1

I am using python boto to interact with s3. The files I have on s3 are CSV's where I'd like to read lines from s3 using a buffer to bound memory usage.

I was wondering if anyone had any way of composing python's io classes to achieve this? The goal is to have some sort of abstraction that is able to wrap boto Key, and provides a readline or iterator interface over the key (which only provides a read(size=0) call. The complexity is that since it is stored as a CSV, each row is variable length.

The goal was to have an abstraction that I was able to wrap python boto key with and then implemented iterator protocol so that I could pass it to csv reader, which I ended up implementing myself.

It looks like python io really has all the pieces to do this BufferedReader and TextIOWrapper, and I fooled around with it by naively trying to pass the boto Key to it, but BufferedReader expected an IOBase object.

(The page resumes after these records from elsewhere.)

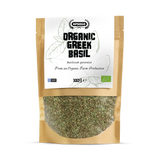 Holland & Barrett APSOGO Organic Dried Basil from Greece - 100g- Buy online at McGrocer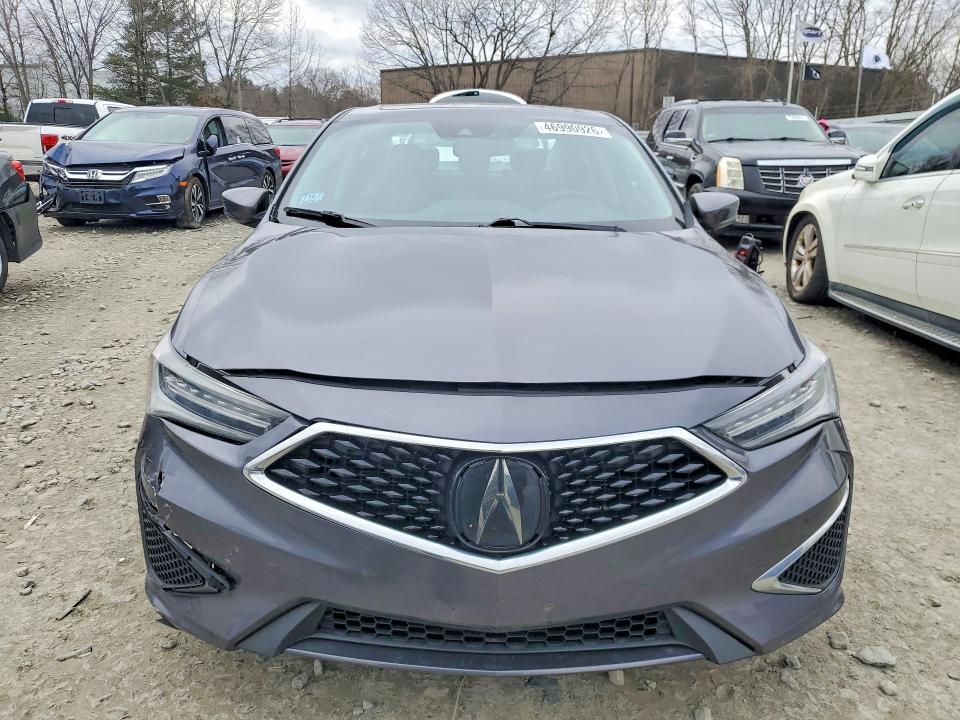2020 Acura ILX
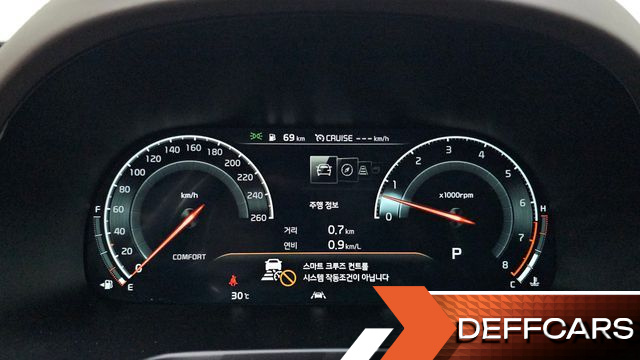 Kia K9 3.8 GDI AWD PlatinumⅢ купить на сайте DeffCars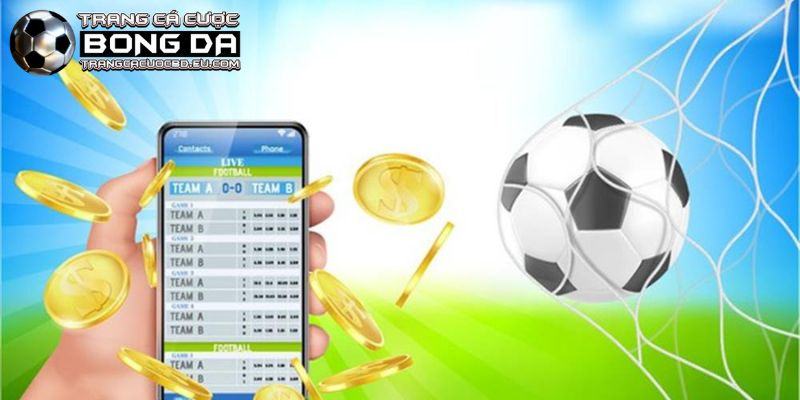 Trang cá cược bóng đá được bet thủ yêu thích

I then implemented the IOBase protocol around the Key but got unicode errors, and just generally wasn't sure what I was doing.

Does anyone know if python io can do something similar to what's described above??


Technical specs:

There is a directory of 1-100 CSV files on s3. All have the same format, but a variable number of rows. I am trying to implement a function that takes an iterator of boto Keys.

Key provides a read(num_bytes) method.

def yield_lines(keys_iterator):
   # had to custom implement this
   # any way using io??
   # yield each CSV row across keys that only provide `read()` method

My initial attempt was to try and make boto Key adhere to IOBase. I would compose it with a buffered reader and then try and read lines from it using a TextIOWrapper but ran into encoding issues with readinto.

class IOCompatibleKey(object):

   def __init__(self, s3_key):
      self.s3_key = s3_key

   def readable(self):
      return True

   def writeable(self):
      return False

   def read(num_bytes):
      return self.s3_key.read(num_bytes)

   def readinto(n):
      # .... ?????

buffered_reader = BufferedReader(IOCompatibleKey(s3_key))
text_reader = TextIOWrapper(buffered_reader)
for line in text_reader: # <- IS THIS POSSIBLE????
    print(line)
dm03514
  • 54,664
  • 18
  • 108
  • 145

1 Answers1

4

In Python 2, you want to avoid a TextIOWrapper object, as the csv.reader() object expects a bytestring instead. It can't handle the unicode objects TextIOWrapper provides.

Providing an IOBase implementation is otherwise simple enough:

class IOCompatibleKey(object):    
    def __init__(self, s3_key):
        self.s3_key = s3_key

    def readable(self):
        return True

    def writeable(self):
        return False

    @property
    def closed(self):
        return self.s3_key.closed

    def close(self):
        self.s3_key.close()

    def read(self, num_bytes):
        return self.s3_key.read(num_bytes)

    def readinto(self, n):
        chunk = self.s3_key.read(len(n))
        read = len(chunk)
        n[:read] = chunk
        return read

and only use a BufferedReader when using Python 2:

buffered_reader = BufferedReader(IOCompatibleKey(s3_key))
csv_reader = csv.reader(buffered_reader)
for row in csv_reader:
    print(row)

On Python 3, just add a TextIOWrapper() on top of the BufferedReader()

Demo in Python 2, using a mocked key:

>>> import random, csv
>>> from io import BufferedReader
>>> class Key(object):
...     closed = False
...     def read(self, bytes=1024):
...         if random.random() < 0.2:
...             bytes = random.randrange(bytes)
...         return ''.join([random.choice('abcdefghijklmnopqrstuvwxyz \n,') for _ in range(bytes)])
...
>>> s3_key = Key()
>>> buffered_reader = BufferedReader(IOCompatibleKey(s3_key))
>>> next(buffered_reader)   # produces a single \n terminated line
'nffdahuitmdaktibxjsdgyhlyfm gurfyo,nt\n'
>>> reader = csv.reader(buffered_reader)  # which satisfies csv.reader
>>> next(reader)
['bi iydribq', 'u']
>>> next(reader)
['qzxtbhkk se', 'v', 'b', 'nunyjemtkxaphuqmvgfrfjdloxwohqamdtvfqgddfna cjuzpaotccenxhhhgnvrbey']
Martijn Pieters
  • 1,048,767
  • 296
  • 4,058
  • 3,343
  • Thanks for this answer. It's great. I take it then that it's not possible to do this in a way that is compatible with both? – Pablo Feb 13 '19 at 00:38
  • 1
    @Pablo the Python 2 `cvs.reader()` implementation is just too different to make a one-size-fits-both solution work. Just use an `if PY3:` test time add the `TextIOWrapper()` wrapping conditionally. – Martijn Pieters Feb 13 '19 at 08:54
  • fair enough. Thanks! – Pablo Feb 13 '19 at 18:18